**Raw data:**
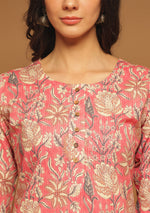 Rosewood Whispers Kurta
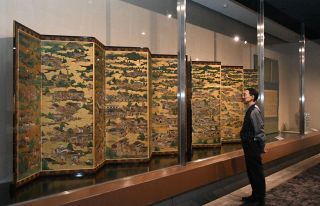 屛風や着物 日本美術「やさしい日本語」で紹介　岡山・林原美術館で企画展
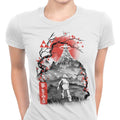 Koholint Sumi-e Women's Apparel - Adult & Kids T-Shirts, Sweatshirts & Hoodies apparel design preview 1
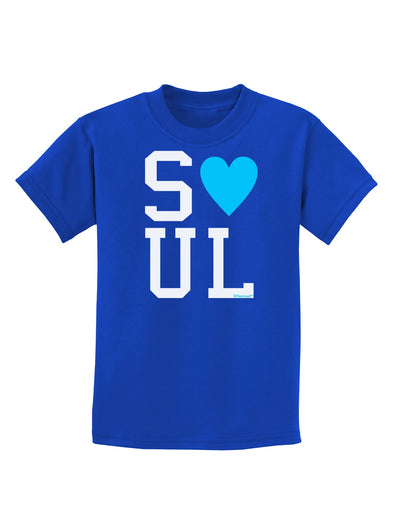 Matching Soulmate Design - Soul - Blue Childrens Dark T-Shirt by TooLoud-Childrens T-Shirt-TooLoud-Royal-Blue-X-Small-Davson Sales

**What to do:** Give the listing again word for word. Skip any pictures.

**Exercise answer:**
 Rosewood Whispers Kurta
 屛風や着物 日本美術「やさしい日本語」で紹介　岡山・林原美術館で企画展
 Koholint Sumi-e Women's Apparel - Adult & Kids T-Shirts, Sweatshirts & Hoodies apparel design preview 1
 Matching Soulmate Design - Soul - Blue Childrens Dark T-Shirt by TooLoud-Childrens T-Shirt-TooLoud-Royal-Blue-X-Small-Davson Sales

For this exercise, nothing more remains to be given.